Affronto i primi tiri di corda, i più impegnativi, secondo la relazione, con una certa prudenza ed arrampico piano ed in modo equilibrato, senza strappi e con movimenti controllati. In realtà il tratto impegnativo (o passaggio filtro, come viene chiamato in gergo) è più semplice del previsto e, una volta scaldati i muscoli, mi volto e scatto una serie di immagini a mia moglie che, senza fare la minima piega, arrampica con naturale eleganza.
La ex-strada militare che abbiamo percorso nell’avvicinamento si staglia a perpendicolo ormai sotto di noi sempre più piccola e l’ebbrezza di muoversi sul vuoto è controllata dall’esperienza e dalla gioia di ritrovarsi nell’ambiente prediletto.

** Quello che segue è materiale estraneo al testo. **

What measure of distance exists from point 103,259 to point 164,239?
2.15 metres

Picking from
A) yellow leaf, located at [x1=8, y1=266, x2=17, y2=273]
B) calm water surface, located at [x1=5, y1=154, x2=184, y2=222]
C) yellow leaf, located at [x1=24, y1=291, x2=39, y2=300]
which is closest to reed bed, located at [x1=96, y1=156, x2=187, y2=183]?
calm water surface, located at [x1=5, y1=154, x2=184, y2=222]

Infatti man mano che saliamo lungo il percorso, sempre ottimamente attrezzato, appaiono tutte le cime della conca Ampezzana, ed oltre: dal potente Sorapiss alle piccole Cinque Torri, la lontana Civetta sino alla bianca Marmolada. Dopo circa un paio di ore che saliamo lungo i cavi, in perfetta tranquillità, e godendo di una giornata stupenda e mai troppo fredda, arriviamo al punto finale, costituito da un altopiano erboso a circa 2500 metri di quota, vero terrazzo che si affaccia sulla rosata Monument  Valley dolomitica: alle nostre spalle si snoda il favoloso e turrito Gruppo di Fanis. Ogni cima è un ricordo, un compagno diverso, un momento di vita passato insieme a questi sassi, cui doniamo un amore forse inutile ed insulso, ma che ci ha riempito le ore dell’esistenza.

Gli Alpini hanno compito un’opera notevole: non lontano dalla strada che porta al Passo e quindi con un accesso comodo, attraverso una vecchia strada militare risalente alla Prima Guerra Mondiale, hanno disegnato una Via Ferrata mai troppo difficile, diciamo di livello medio, ma che, con un tracciato logico ed elegante, si snoda su un pilastro laterale del gruppo del Lagazuoi, con un finale aereo che completa degnamente la salita. La discesa, attraverso un bel ghiaione rossastro, è di un’ora e mezza.
La Contax mi ha seguito docilmente durante tutta la salita, ora in mano mia ora in mano a mia moglie: grazie all’autofocus e all’esposizione automatica, ho potuto maneggiarla con estrema disinvoltura. Una delle caratteristiche salienti del Sonnar è rappresentata dall’ottima leggibilità delle zone d’ombra, senza mai chiudere troppo l’esposizione, ma con un rapporto equilibrato con le zone di luce. Da considerare che, a causa delle dimensioni delle lenti, il piccolo Sonnar è afflitto da una discreta vignettatura, che non scompare neanche chiudendo il diaframma a f/8. Ho scattato anche diversi fotogrammi alla medesima inquadratura, perché il contrasto tra cielo e roccia poteva portare ad esposizioni diverse, privilegiando sempre il cielo per ottenere immagini opportunamente sature.
Trasmettere e tramandare l’emozione di una giornata perfetta: alla Contax non potevo chiedere di più.